评价不受监督的文本分类:零射和以相似性为基础的方法 (Evaluating Unsupervised Text Classification: Zero-shot and Similarity-based Approaches)

Text classification of unseen classes is a challenging Natural Language Processing task and is mainly attempted using two different types of approaches. Similarity-based approaches attempt to classify instances based on similarities between text document representations and class description representations. Zero-shot text classification approaches aim to generalize knowledge gained from a training task by assigning appropriate labels of unknown classes to text documents. Although existing studies have already investigated individual approaches to these categories, the experiments in literature do not provide a consistent comparison. This paper addresses this gap by conducting a systematic evaluation of different similarity-based and zero-shot approaches for text classification of unseen classes. Different state-of-the-art approaches are benchmarked on four text classification datasets, including a new dataset from the medical domain. Additionally, novel SimCSE and SBERT-based baselines are proposed, as other baselines used in existing work yield weak classification results and are easily outperformed. Finally, the novel similarity-based Lbl2TransformerVec approach is presented, which outperforms previous state-of-the-art approaches in unsupervised text classification. Our experiments show that similarity-based approaches significantly outperform zero-shot approaches in most cases. Additionally, using SimCSE or SBERT embeddings instead of simpler text representations increases similarity-based classification results even further.

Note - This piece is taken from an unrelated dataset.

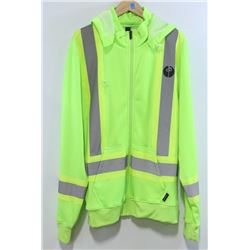 RED DRAGON MEN'S YELLOW HIGH VISIBILITY ZIP UP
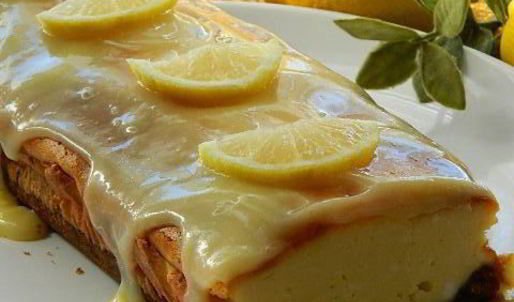 лимонный сырник со сливочной помадкой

翻译：以类似方式尝试根据文本文件说明和类别说明的相似性对实例进行分类; 零点文本分类办法的目的是通过为文本文件指定适当的未知类别标签来普及从培训任务中获得的知识; 虽然现有研究已经对这些类别中的个别方法进行了调查,但文献实验并没有提供一致的比较。本文件通过系统评估不同类似性和零点化方法来弥补这一差距,用于对隐性分类的文本分类。不同的先进方法以四个文本分类数据集为基准,包括医疗领域的新数据集为基准。此外,还提出了新的SimCSE和SBERT基准,因为现有工作使用的其他基线产生薄弱的分类结果,而且很容易完成。最后,介绍了基于新颖类似性的LBlLBL2 TransferectVec 方法,这在未受监督的文本分类中比以往的状态和零点化方法要好得多。我们的实验表明,即使基于类似性的SIMSE和SERT的更简单化方法也大大超越了在最不受监督的文本分类中采用更简单化的版本。